La pandemia di Coronavirus è in forte ripresa nei Balcani. L’aumento dei casi di Covid-19 ha spinto i Paesi della regione a ripristinare misure restrittive che erano state abolite nelle scorse settimane, quando l’epidemia stava rallentando. E si moltiplicano anche le raccomandazioni delle autorità all'osservanza dei principi basilari di prevenzione, mascherina, distanza fisica, igiene personale e lavaggio frequente delle mani. Dopo Serbia e Croazia, si registra un aumento di casi di Coronavirus anche in Macedonia del Nord, dove ieri sono stati 165 i nuovi contagi, con il totale salito a 6.787. Altri sette decessi hanno portato a 335 il numero delle vittime. Nel Paese è previsto il voto il 15 luglio per il rinnovo del parlamento (come già avvenuto in Serbia il 21 giugno e come avverrà il 5 luglio anche in Croazia).

In Romania curva dei contagi resta alta

Resta alta la curva dei contagi in Romania, il Paese più duramente colpito dalla pandemia in tutta la regione. Negli ultimi due giorni i contagi sono stati 870, con il totale che sale a 28.166, e da ieri si sono registrati 21 decessi, per un totale di 1.708 morti. Ritornano i contagi in Montenegro, che qualche settimana fa aveva proclamato la fine dell'epidemia dopo 28 giorni di zero casi e zero morti. Nelle ultime 24 ore i nuovi contagi sono stati 47, portando il totale della seconda ondata a 339 casi. Le vittime, dopo l’ultimo decesso, sono quattro in questa nuova fase epidemica. Situazioni analoghe di ripresa dell'epidemia si registrano in Bosnia-Erzegovina e Kosovo.
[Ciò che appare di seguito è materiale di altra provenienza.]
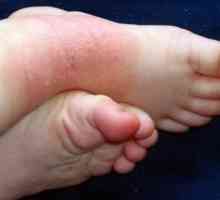 Eczemă pe picioare: simptome și tratament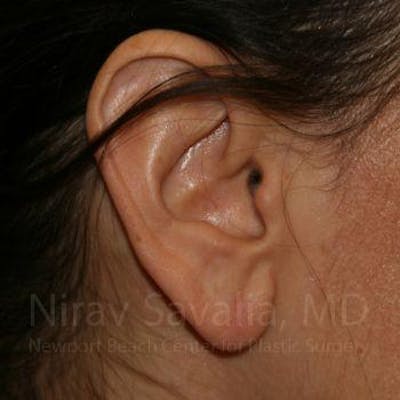 Torn Earlobe Repair Ear Gauge Repair Before & After Gallery - Patient 1655708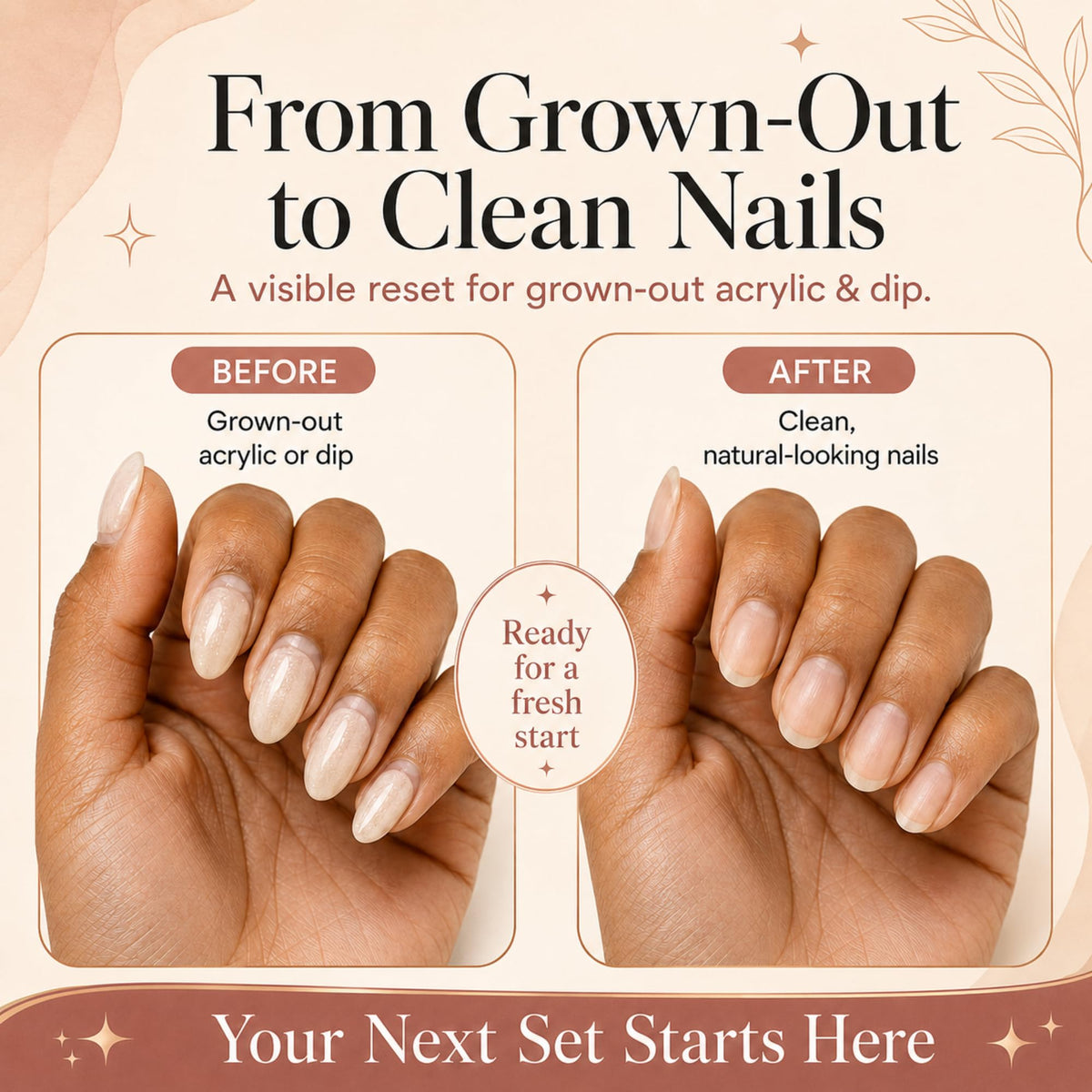 Saint Willo complete kit layout with tools for quick, tidy nail removal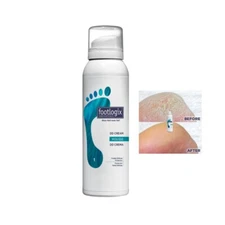 Footlogix DD Cream Mousse 125ml/4.23oz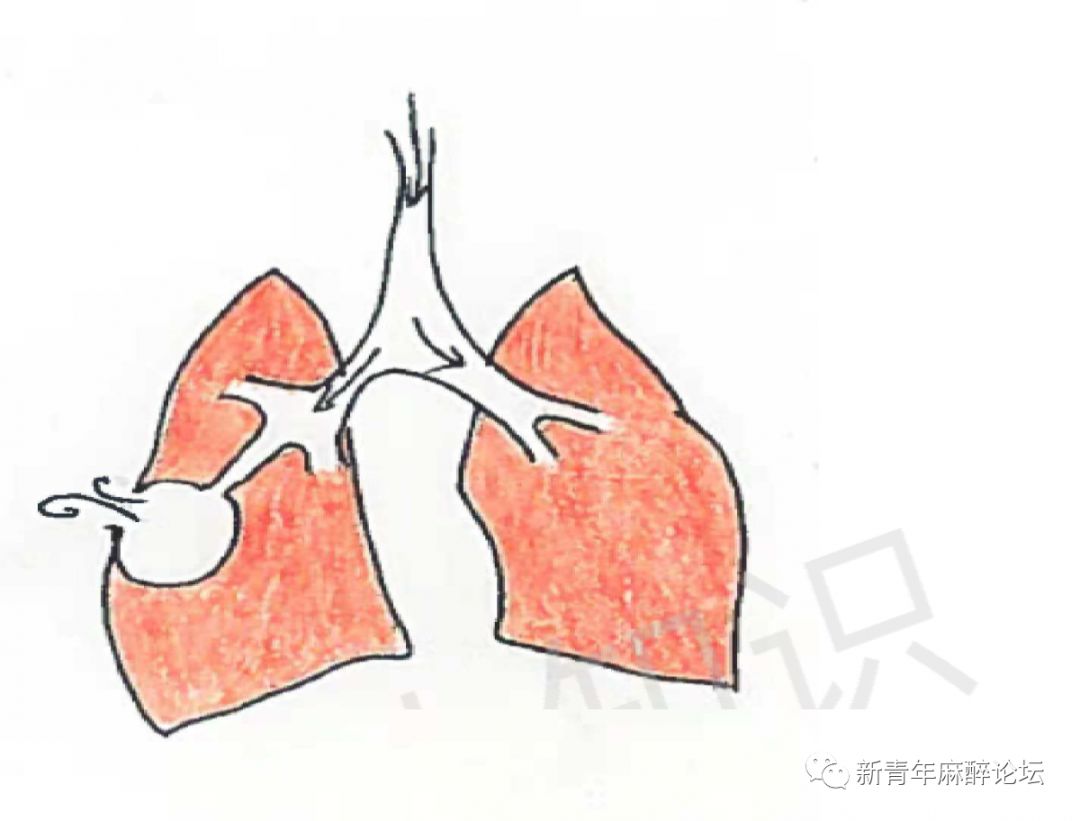 呼吸科普类视频制作,科普人体呼吸机制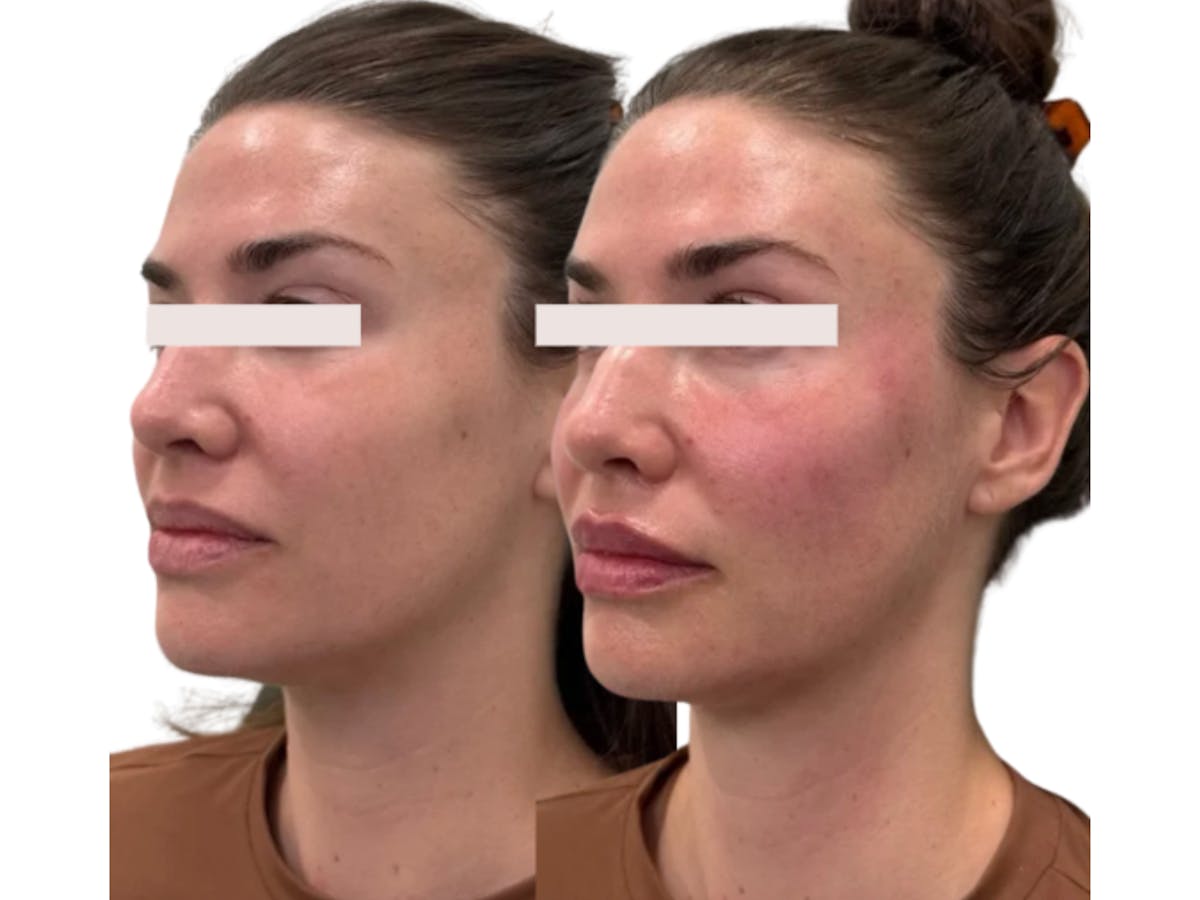 Filler Before & After Gallery - Patient 154290 - Image 2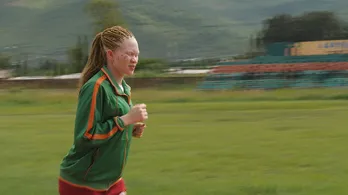 アルビノが襲撃され、体を高値取引される実態をザンビアに探る<JNNドキュメンタリー ザ・フォーカス>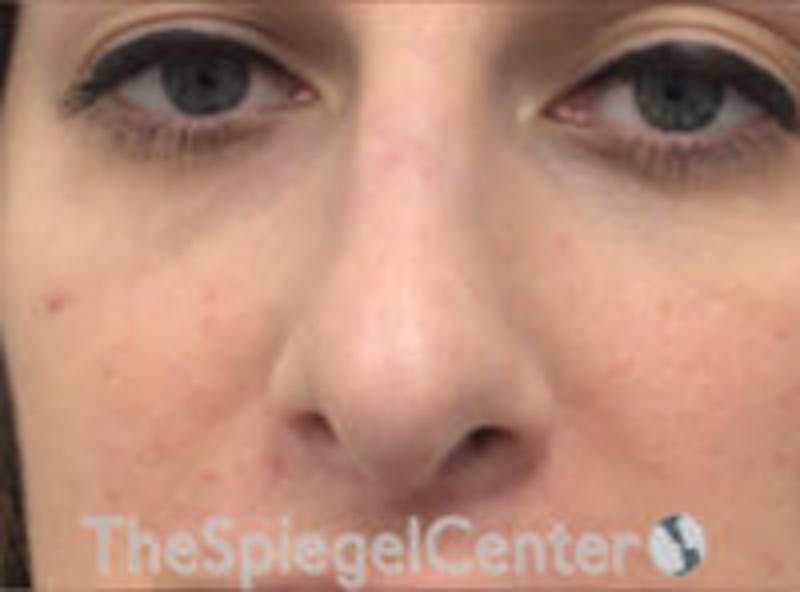 Rhinoplasty Before & After Gallery - Patient 627757 - Image 4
Slovenia, quarantena per Francia, Repubblica Ceca e Croazia

In Slovenia, che era stata sul punto di dichiarare la fine dell'epidemia nelle scorse settimane, non si registrava un numero di positivi così alto dallo scorso 16 aprile: 21 nuovi contagiati solo ieri di cui uno nella vicinissima Capodistria. Un ritorno del Covid che è stato sufficiente per far scattare l'allarme e far decidere al governo di Lubiana di reintrodurre la quarantena per alcuni paesi: Francia, Repubblica Ceca e Croazia. La quarantena sarà in vigore da domani, sabato 4 luglio, per due settimane, nei confronti di quanti arrivano in Slovenia da questi Paesi. Alla frontiera i controlli saranno più severi e a chi transita potrà essere chiesto di precisare dove si è stati e da dove si proviene.